School Public Health and Preventive Medicine, Monash University, Melbourne, Victoria, Australia.
National Association of Diabetes Centres, Sydney, New South Wales Australia.
PLoS One. 2022 Feb 4;17(2):e0263511. doi: 10.1371/journal.pone.0263511. eCollection 2022.
Increasing global diabetes incidence has profound implications for health systems and for people living with diabetes. Guidelines have established clinical targets but there may be variation in clinical outcomes including HbA1c, based on location and practice size. Investigating this variation may help identify factors amenable to systemic improvement interventions. The aims of this study were to identify centre-specific and patient-specific factors associated with variation in HbA1c levels and to determine how these associations contribute to variation in performance across diabetes centres.
This cross-sectional study analysed data for 5,872 people with type 1 (n = 1,729) or type 2 (n = 4,143) diabetes mellitus collected through the Australian National Diabetes Audit (ANDA).
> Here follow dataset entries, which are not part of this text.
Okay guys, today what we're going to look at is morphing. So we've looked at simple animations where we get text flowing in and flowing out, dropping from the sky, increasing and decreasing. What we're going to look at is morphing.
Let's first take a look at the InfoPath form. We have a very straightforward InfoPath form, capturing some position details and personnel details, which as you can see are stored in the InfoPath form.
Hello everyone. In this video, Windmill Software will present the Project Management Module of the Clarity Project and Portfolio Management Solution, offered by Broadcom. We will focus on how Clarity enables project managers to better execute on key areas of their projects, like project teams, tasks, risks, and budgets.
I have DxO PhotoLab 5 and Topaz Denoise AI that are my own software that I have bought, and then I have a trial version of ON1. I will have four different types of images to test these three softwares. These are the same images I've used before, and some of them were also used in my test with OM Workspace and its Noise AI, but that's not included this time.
A linear mixed-effects model examined centre-level and patient-level factors associated with variation in HbA1c levels.
Mean age was: 43±17 years (type 1), 64±13 (type 2); median disease duration: 18 years (10,29) (type 1), 12 years (6,20) (type 2); female: 52% (type 1), 45% (type 2). For people with type 1 diabetes, volume of patients was associated with increases in HbA1c (p = 0.019). For people with type 2 diabetes, type of centre was associated with reduction in HbA1c (p <0.001), but location and patient volume were not. Associated patient-level factors associated with increases in HbA1c included past hyperglycaemic emergencies (type 1 and type 2, p<0.001) and Aboriginal and Torres Strait Islander status (type 2, p<0.001). Being a non-smoker was associated with reductions in HbA1c (type 1 and type 2, p<0.001).
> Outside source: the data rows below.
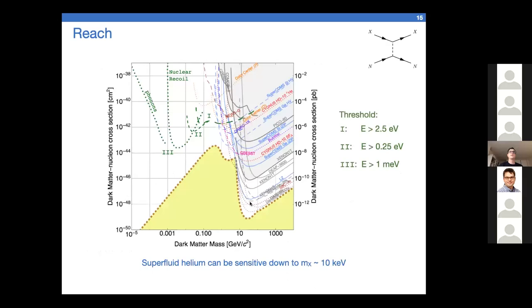Depending on the threshold of the HERALD experiment — various phases hoping eventually for a roughly meV threshold — this phonon line can be computed. The reach drops off very fast as dark matter mass decreases, exactly because of the phonon's derivatively coupled nature. Decreasing the dark matter mass causes the reach to decouple quite quickly — that's just nature.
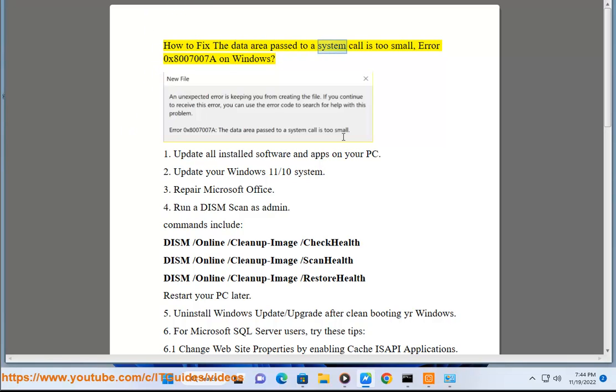How to fix the data area passed to a system call is too small, Error 0x8007007A on Windows.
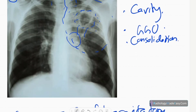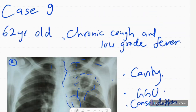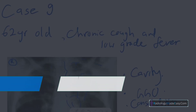Next steps include going for an HRCT chest, or if there is consolidation, a contrast-enhanced CT of the chest to exclude any underlying malignancy. When there is a cavitation, you need to measure the thickness of the wall — if it is thick-walled, it points more toward malignancy.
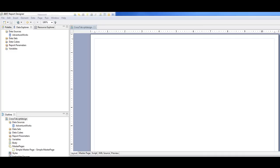In this video I want to talk about crosstab reports or pivot table type reports or cube type reports, or a way to have dynamic columns or row names in BERT.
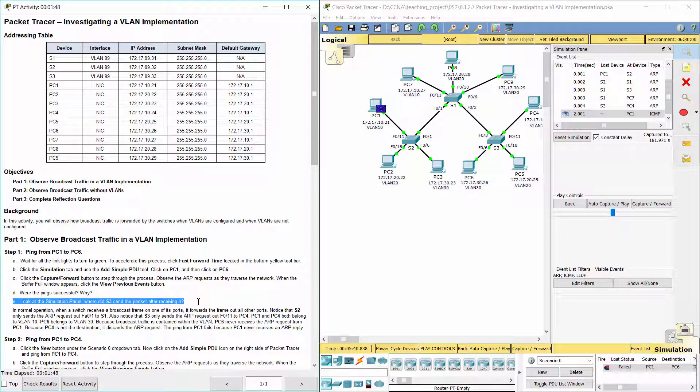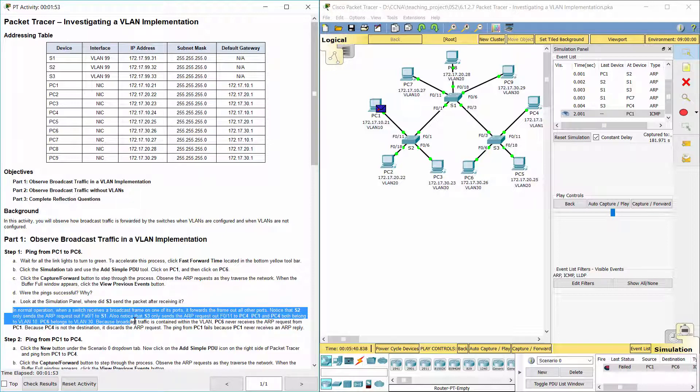S3 sent the packet to PC4 because it was on the same VLAN as PC1.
Centre-level and patient-level factors were associated with variation in HbA1c, but patient-level factors had greater impact. Interventions targeting patient-level factors conducted at a centre level including sick-day management, smoking cessation programs and culturally appropriate diabetes education for and Aboriginal and Torres Strait Islander peoples may be more important for improving glycaemic control than targeting factors related to the Centre itself.
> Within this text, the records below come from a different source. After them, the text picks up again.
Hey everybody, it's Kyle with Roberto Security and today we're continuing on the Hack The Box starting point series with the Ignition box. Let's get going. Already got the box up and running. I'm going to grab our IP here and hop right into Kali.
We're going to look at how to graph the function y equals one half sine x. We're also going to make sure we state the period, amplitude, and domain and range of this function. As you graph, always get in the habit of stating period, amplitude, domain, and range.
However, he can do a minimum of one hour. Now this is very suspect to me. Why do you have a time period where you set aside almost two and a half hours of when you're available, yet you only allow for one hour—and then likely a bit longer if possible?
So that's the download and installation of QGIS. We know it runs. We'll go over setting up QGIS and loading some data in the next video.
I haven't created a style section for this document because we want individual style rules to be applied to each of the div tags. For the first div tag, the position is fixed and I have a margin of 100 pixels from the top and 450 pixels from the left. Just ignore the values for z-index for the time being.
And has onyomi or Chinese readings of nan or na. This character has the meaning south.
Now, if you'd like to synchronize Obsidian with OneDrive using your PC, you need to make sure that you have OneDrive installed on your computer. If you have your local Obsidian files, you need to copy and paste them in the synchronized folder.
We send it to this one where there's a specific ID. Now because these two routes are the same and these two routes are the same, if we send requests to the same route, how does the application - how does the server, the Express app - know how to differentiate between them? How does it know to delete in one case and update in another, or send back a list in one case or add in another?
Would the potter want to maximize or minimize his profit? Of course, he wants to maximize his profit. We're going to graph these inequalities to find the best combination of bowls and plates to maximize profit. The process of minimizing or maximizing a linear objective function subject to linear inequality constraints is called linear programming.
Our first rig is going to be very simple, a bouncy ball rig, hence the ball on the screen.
全球糖尿病发病率的上升对卫生系统和糖尿病患者都有深远的影响。指南已经确立了临床目标,但基于地理位置和实践规模的不同,临床结果(包括 HbA1c)可能存在差异。研究这种差异可能有助于确定可以进行系统改进干预的因素。本研究的目的是确定与 HbA1c 水平变化相关的中心特异性和患者特异性因素,并确定这些因素如何导致糖尿病中心之间的表现差异。
本横断面研究分析了通过澳大利亚国家糖尿病审计(ANDA)收集的 5872 名 1 型(n=1729)或 2 型(n=4143)糖尿病患者的数据。线性混合效应模型检查了与 HbA1c 水平变化相关的中心水平和患者水平因素。
平均年龄为:17 岁(1 型),43±17 岁(2 型);中位疾病持续时间:10 岁(1 型),18 岁(2 型);中位数(四分位距)(1 型),29 岁(6,20);女性:52%(1 型),45%(2 型)。对于 1 型糖尿病患者,患者人数与 HbA1c 的增加相关(p=0.019)。对于 2 型糖尿病患者,中心类型与 HbA1c 的降低相关(p<0.001),但地理位置和患者人数则没有。与 HbA1c 升高相关的相关患者水平因素包括过去的高血糖急症(1 型和 2 型,p<0.001)和澳大拉西亚人和托雷斯海峡岛民身份(2 型,p<0.001)。不吸烟与 HbA1c 的降低相关(1 型和 2 型,p<0.001)。
中心水平和患者水平因素与 HbA1c 的变化相关,但患者水平因素的影响更大。在中心层面上针对患者水平因素进行的干预,包括疾病日管理、戒烟计划以及针对澳大拉西亚人和托雷斯海峡岛民的文化适宜的糖尿病教育,可能比针对中心本身的因素更能改善血糖控制。